Which lines run from the one containing "Un niño sorprendido" to the end of the material below? Copy them exactly, pictures excluded.

→ **Supplied information**:

┏━━

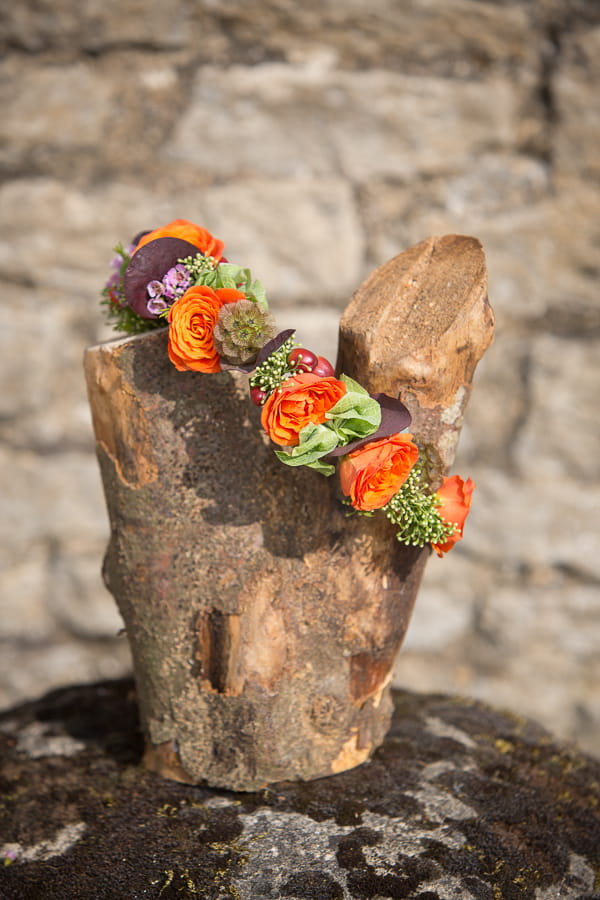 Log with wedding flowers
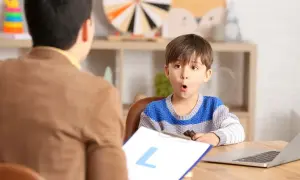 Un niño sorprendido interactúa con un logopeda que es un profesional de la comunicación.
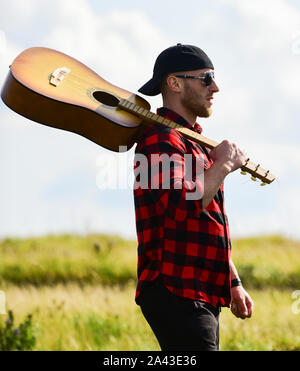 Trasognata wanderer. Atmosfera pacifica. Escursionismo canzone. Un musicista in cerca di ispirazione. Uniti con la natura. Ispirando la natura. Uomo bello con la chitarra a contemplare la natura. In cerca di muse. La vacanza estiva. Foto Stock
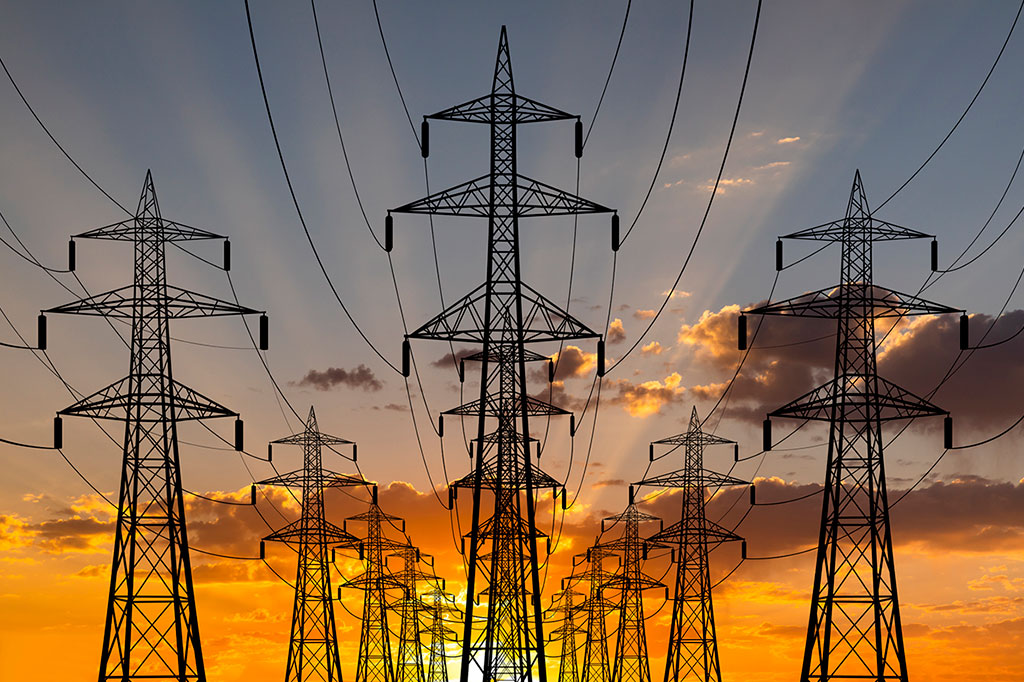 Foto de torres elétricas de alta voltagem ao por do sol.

┗━━

→ **Solution to the exercise**:
 Un niño sorprendido interactúa con un logopeda que es un profesional de la comunicación.
 Trasognata wanderer. Atmosfera pacifica. Escursionismo canzone. Un musicista in cerca di ispirazione. Uniti con la natura. Ispirando la natura. Uomo bello con la chitarra a contemplare la natura. In cerca di muse. La vacanza estiva. Foto Stock
 Foto de torres elétricas de alta voltagem ao por do sol.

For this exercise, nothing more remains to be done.